- **DATASET**

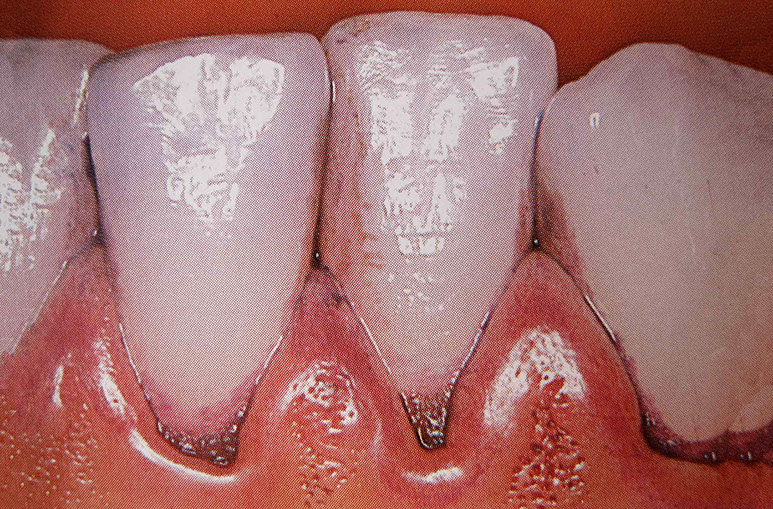 Zahnarztpraxis Dr. Isabel Selmair - München, Schwabing / Vorsorge (Prophylaxe), Professionelle Zahnreinigung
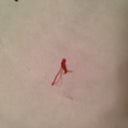 Stitch that came out of my BB at 4 weeks.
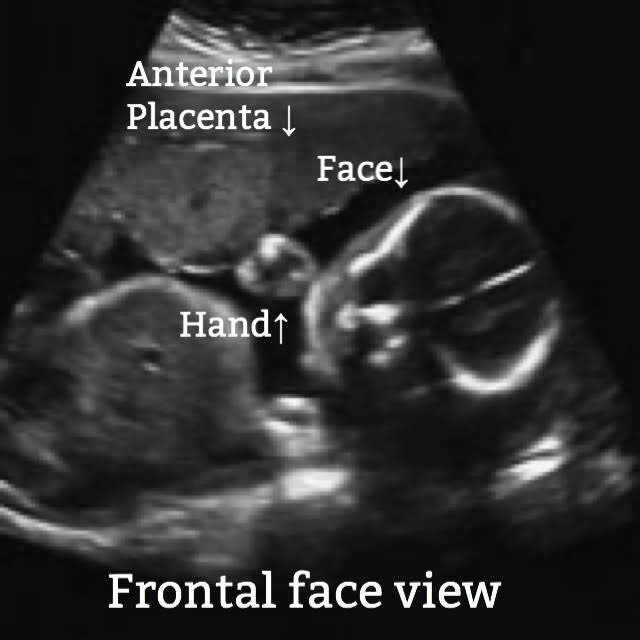frontal face view of a fetus on ultrasound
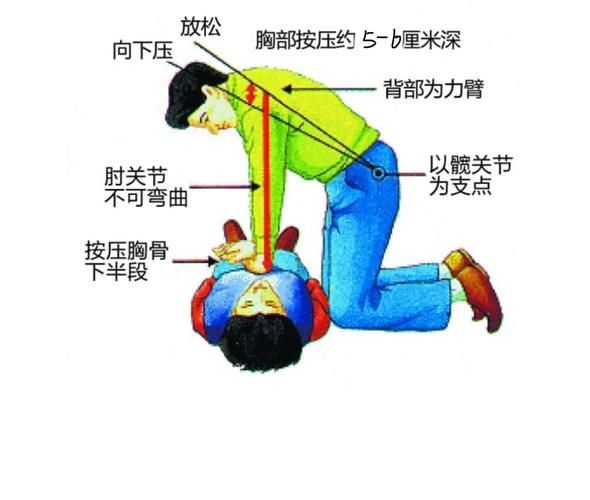 仰着摔怎么急救_仰着摔后多久能恢复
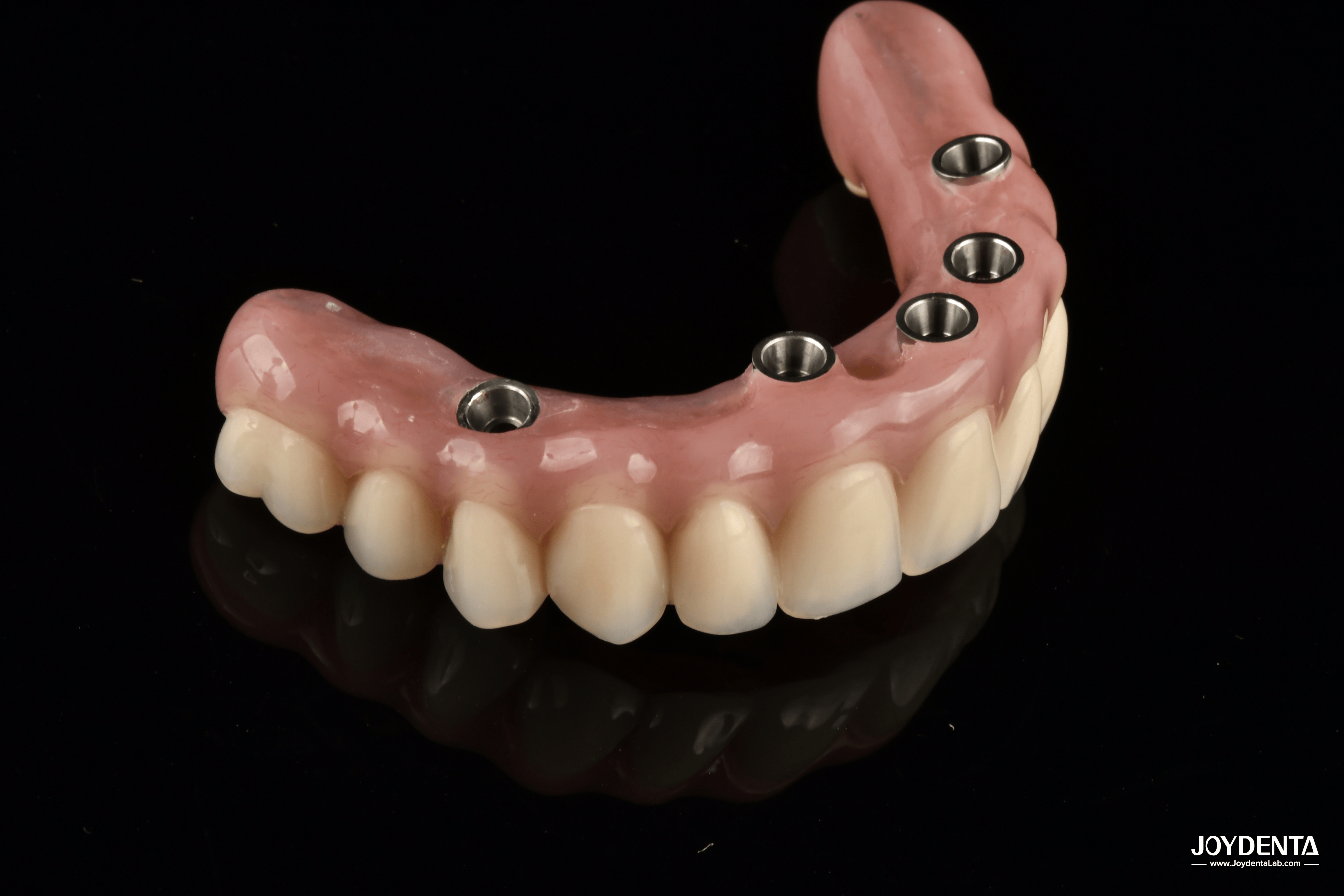 Redefining Full Arch Prosthetics: Unmatched Fit and Function with Our Ti-Base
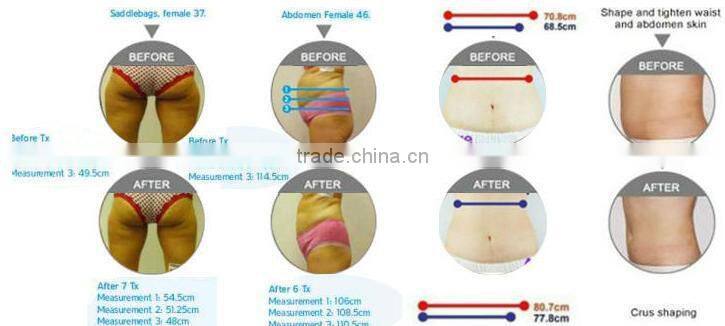 Ultrasonic cavitation slimming machine / RF liposuction Vacuum Machine With 4 Probes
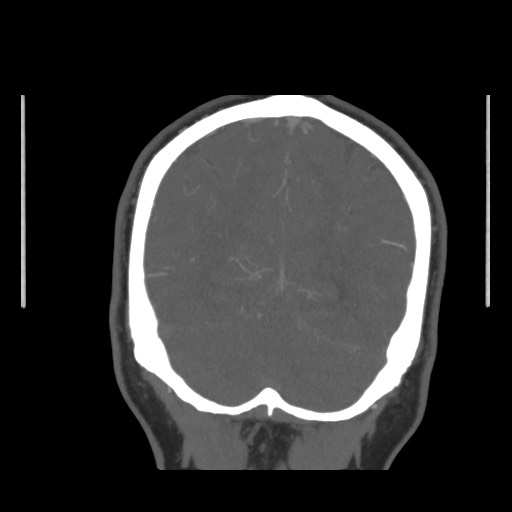 Acute internal carotid artery dissection (Radiopaedia 53541-59630 E 66).jpg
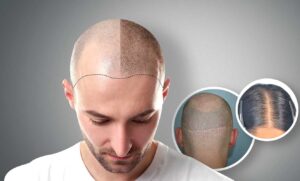 Hair loss Treatment in Pune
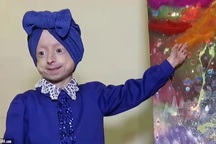 Cuộc đời của thần đồng hội họa 10 tuổi nhưng có cơ thể của bà lão 80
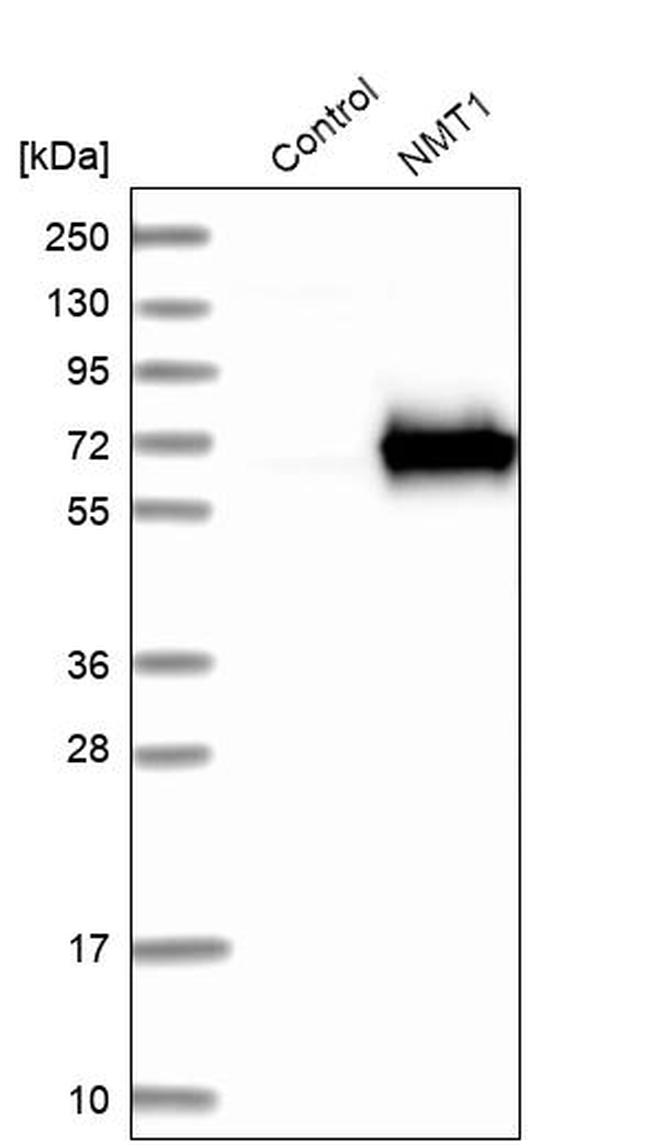 NMT1 Antibody in Western Blot (WB)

- **EXERCISE GOAL**
For this exercise, set down exactly the lines that run from the line holding "Cuộc đời của" to the last line of the records above; include both end lines and omit pictures.

- **ANSWER AREA**
 Cuộc đời của thần đồng hội họa 10 tuổi nhưng có cơ thể của bà lão 80
 NMT1 Antibody in Western Blot (WB)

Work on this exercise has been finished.